- [DATA EXCERPT]
▽

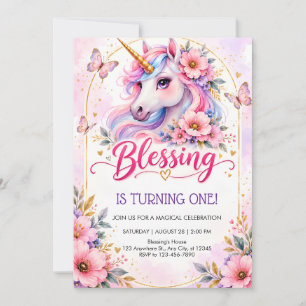 Magical Unicorn Girl 1st Birthday Party Invitation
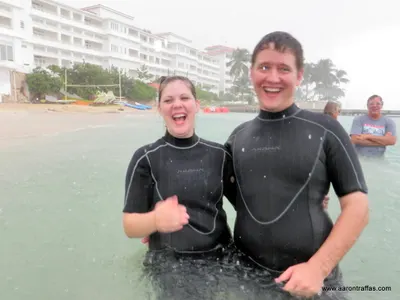 Aaron and Diane about to board the boat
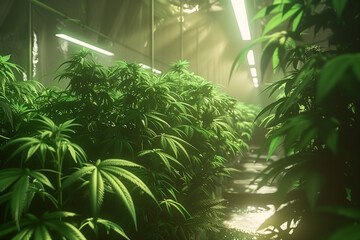 commercial farming of medical cannabis plants in a modern and automated indoor greenhouse growing for medicinal purpose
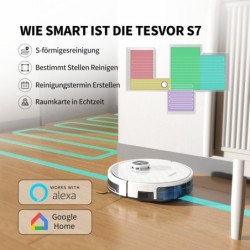 Tesvor Saugroboter S7 Pro Saugroboter mit Wischfunktion Lasernavigation 6000PA 180 Min, Mit Staubbox beutellos,6000Pa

△

- [TASK OBJECTIVE] Could you give the listing again exactly, minus its pictures?

- [RESULT OF THIS TASK]
 Magical Unicorn Girl 1st Birthday Party Invitation
 Aaron and Diane about to board the boat
 commercial farming of medical cannabis plants in a modern and automated indoor greenhouse growing for medicinal purpose
 Tesvor Saugroboter S7 Pro Saugroboter mit Wischfunktion Lasernavigation 6000PA 180 Min, Mit Staubbox beutellos,6000Pa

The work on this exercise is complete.